子どもがいるご夫婦の離婚に、ADR調停をお勧めする理由

「簡易版の裁判」ではありません

ADR(裁判外紛争解決手続)とは、裁判によらずに紛争の解決を目指す手続きです。「裁判より手軽な方法」というイメージを持たれることも多いのですが、単なる「簡易版の裁判」ではありません。裁判とはまったく異なる目的と哲学を持った、独立したプロセスです。

「公正な判断」と「関係の維持」

裁判は法と証拠に基づいて公正な判断を示す制度ですが、避けられない副作用があります。「相手の主張に対してどう反論するか」を繰り返す裁判のプロセスは、当事者同士の対立を深め、関係をさらに悪化させてしまうことがあるのです。

裁判所の役割は、法と証拠に基づいて公正な判断を示すことにあります。判決後の当事者関係の維持そのものを主目的とする制度ではありません。

一般の裁判では、当事者同士が判決後に関係を続ける必要があるケースは多くありません。しかし、子どもがいるご夫婦が離婚する場合は、子どものために、離婚後も両者が一定の関係を続ける必要があります。

そのため、公正な判断が得られたとしても、裁判の過程で関係がさらに悪化すると、離婚後に被る不利益のほうが大きくなってしまうこともあります。そしてその不利益は、子どもにも及びます。

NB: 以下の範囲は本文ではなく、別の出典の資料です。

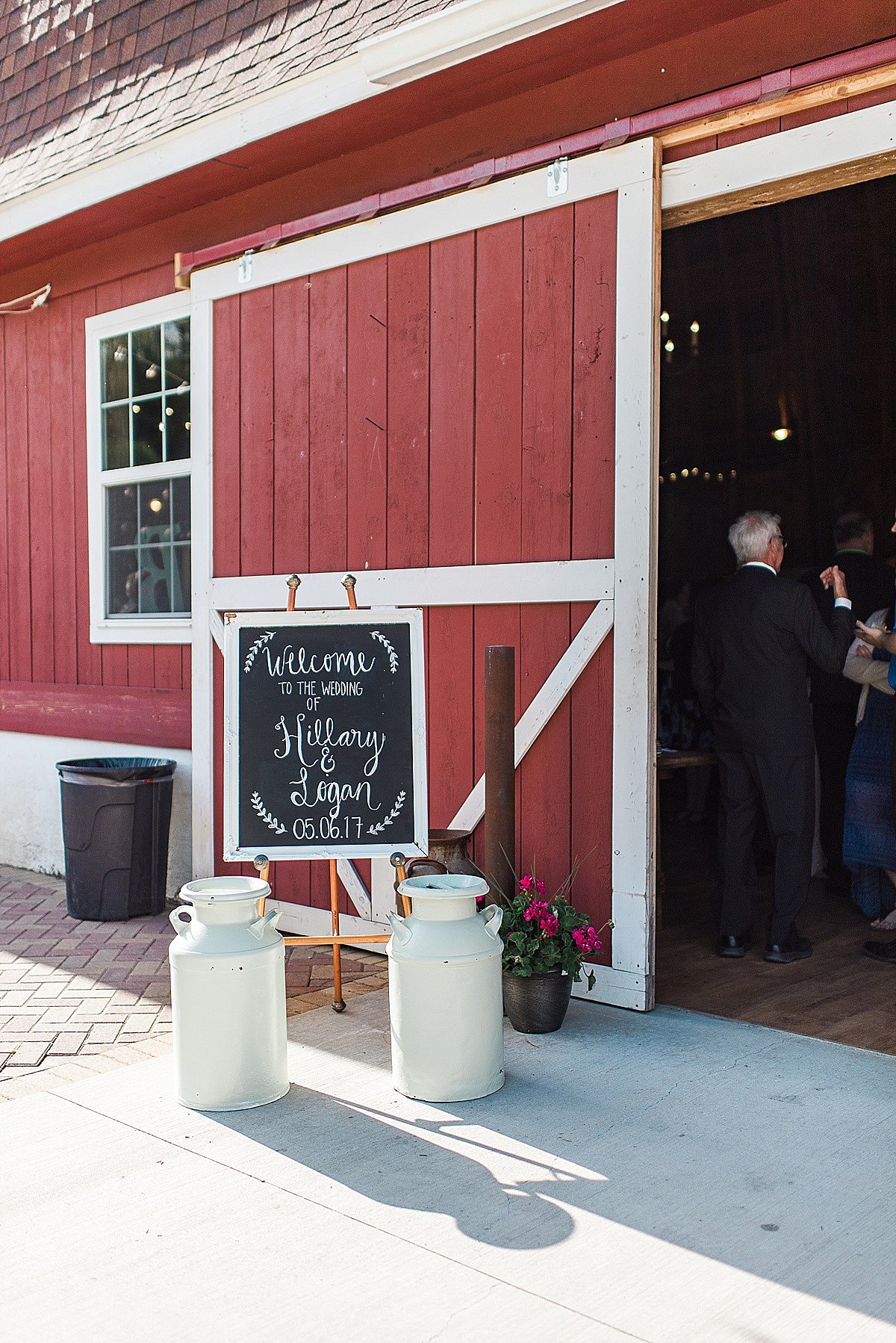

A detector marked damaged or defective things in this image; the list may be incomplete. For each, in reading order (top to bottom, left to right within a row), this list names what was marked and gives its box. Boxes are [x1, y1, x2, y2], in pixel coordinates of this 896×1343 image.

rusty metal pipe [483, 645, 518, 897]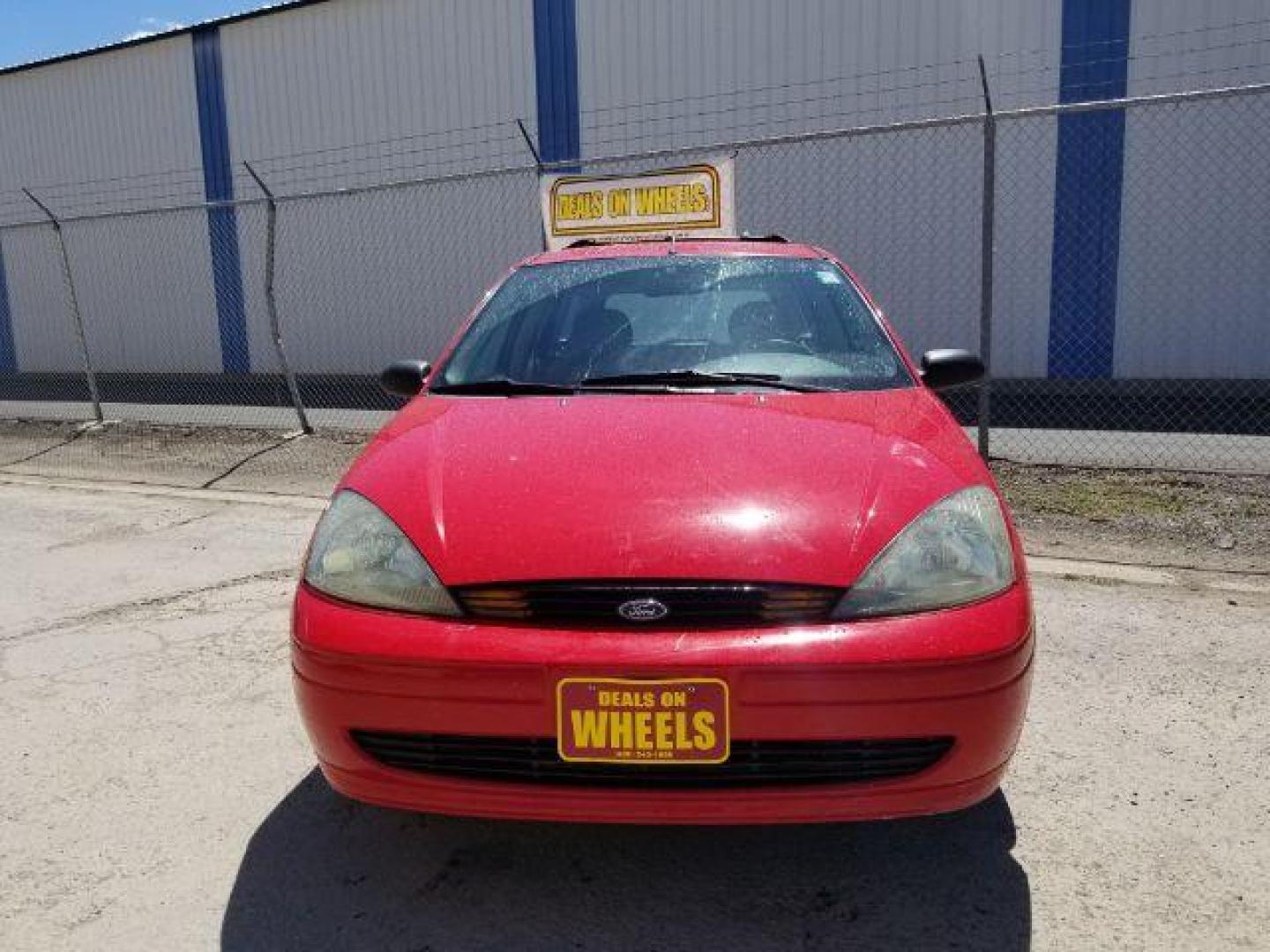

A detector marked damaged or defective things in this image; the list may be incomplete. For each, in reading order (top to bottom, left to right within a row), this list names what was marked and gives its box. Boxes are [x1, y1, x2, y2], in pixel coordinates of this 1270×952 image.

cracked pavement [0, 480, 1263, 945]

子どもがいるご夫婦の離婚では、法的に何が正しいかだけでなく、離婚後に親として最低限の協力関係を維持できるかどうかが重要になるのです。

家族の争いを裁く難しさ

夫婦の間には、それまで長い時間を共有してきた結果、積み重なった無数の出来事や因果関係が絡み合っています。「どちらがどのような責任を負うべきなのか」を公正に決めるためには、その複雑な経緯や歴史をすべて解きほぐす必要があります。それは、どんな裁判官にとっても容易なことではありません。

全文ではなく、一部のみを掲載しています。